Los niños juegan felices en un parque que no es más que ruinas y peligros para aquellos que no han terminado de crecer. Me pregunto si además de todos los problemas sociales que enfrentan las comunidades más pobres de la ciudad, también se niega la sana diversión a los pequeños. En la infancia primero se juega y luego se piensa. ¿Qué pasa entonces si no podemos jugar cuando la vida apenas comienza? ¿Cómo enfrentar la carrera de obstáculos que supone la existencia si en la infancia no hemos resbalado por un rodadero mil veces y cruzado caminitos colgantes? Me rio con ellos mientras por dentro solo me cuestionó la inmensa desigualdad que nos habita como sociedad y como seres humanos.
La Secretaría Distrital en un documento emitido en mayo del año pasado presentó un proyecto de inversión de más de 10.000 millones de pesos para el mantenimiento y la construcción de nuevos parques en la localidad de Ciudad Bolívar. Hasta ahora los niños de Los Alpes no gozan de los privilegios de ese proyecto. Ellos siguen improvisando juegos en un parque que ya ni siquiera debería denominarse así. Desde pequeños desarrollan la capacidad de ser resilientes, de sobreponerse a las circunstancias de pobreza en las que nacieron y a la injusticia social de la que no tienen responsabilidad alguna, pero que no los abandona. Esos pequeños seres pueden jugar sin pavimento, con piezas rotas y con huecos por todas partes. Me preguntó entonces si tal vez ellos entienden más la vida que cualquiera de nosotros, si como sociedad no hemos fracasado al no poder dejar a los niños solo ser niños.

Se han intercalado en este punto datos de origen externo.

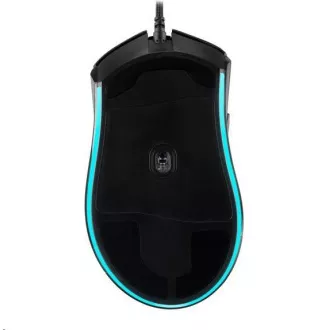 ACER Predator Cestus 333 kabelgebundene Maus, 5 DPI-Stufen, 1ms, 400 IPS, 20 Millionen Klicks, USB 2.0, Schwarz ACER Predator Cestus 333 kabelgebundene Maus, 5 DPI-Stufen, 1ms, 400 IPS, 20 Millionen Klicks, USB 2.0, Schwarz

Las dificultades de ese parque solo podía verlas yo en ese momento, porque sabía que aquel debía ser un sitio de recreación seguro, estaba segura de lo mínimo que podemos hacer como país es garantizar condiciones dignas a quienes aún no pueden luchar solos de cara al mundo. Estaba convencida de que los rodaderos deben servir para resbalarse sin miedo y esperar un abrazo al final del recorrido, de que los túneles no están rotos y de que los senderos colgantes no deben ser invisibles. Yo lo sabía porque había jugado como ellos miles de veces, lo sabía porque había contado con un poco más de suerte, eso era lo que pensaba mientras veía a esa niña con la que compartía el nombre y a su sobrino. Yo sabía que ellos merecían un parque del que pudiesen sentirse orgullosos y una vida en la que el mayor de sus problemas fuese escoger el próximo juguete con el que iban a entretenerse, pero sabía también que el deber ser en Colombia a veces no es más que un concepto romántico.

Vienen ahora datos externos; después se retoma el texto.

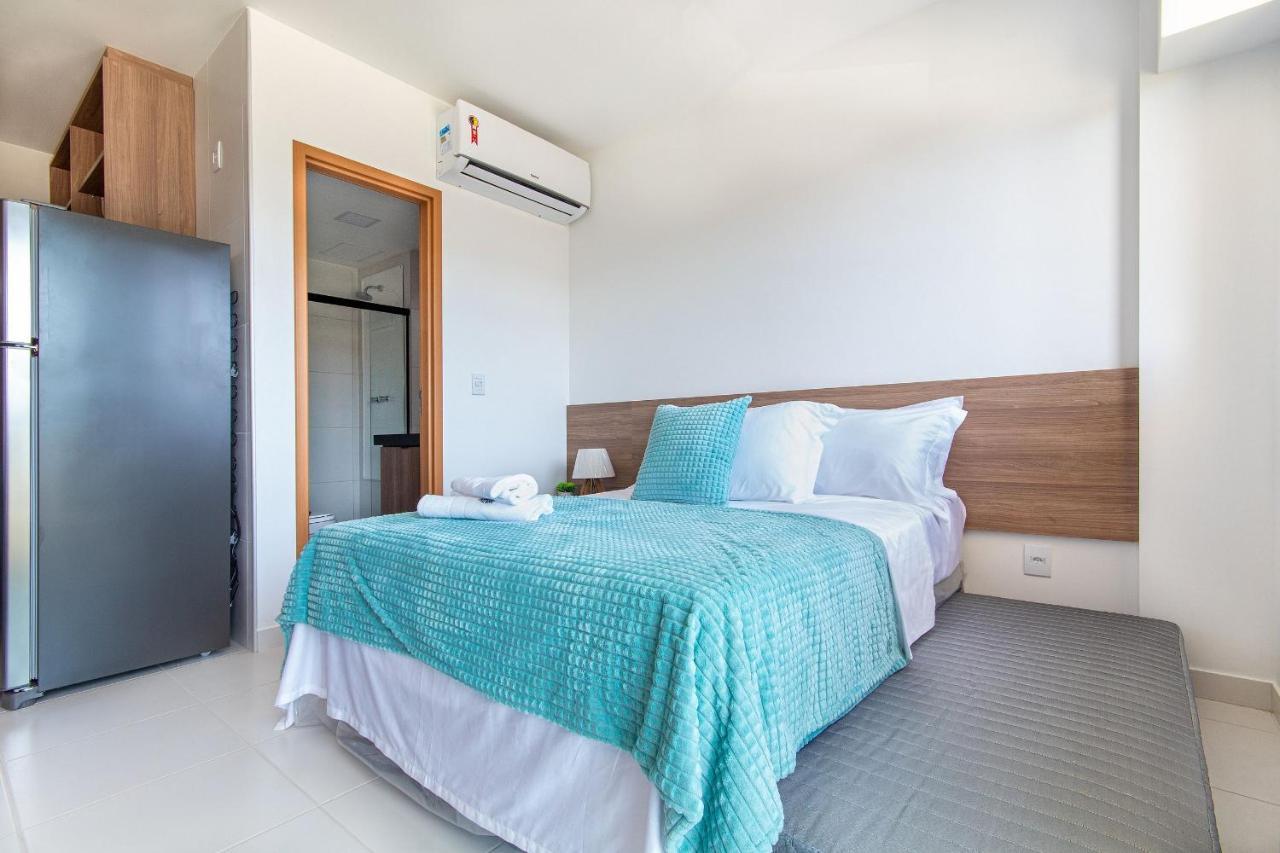 Pôrto das GalinhasMana Beach Experience Muro Alto - #A209 Por Carpediem公寓 外观 照片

Ellos viven en nuestros alpes, esos que olvidamos por pensar en los alpes ajenos. Nosotros vivimos en una llanura en la que en pocas veces miramos hacia los lados. Para Paula, Santiago y los pequeños de ese barrio ninguna de mis reflexiones pareció importar. Aquellas ruinas solo eran una ilusión de mi mente. Ellos veían un parque, ellos reían, ellos solo querían jugar.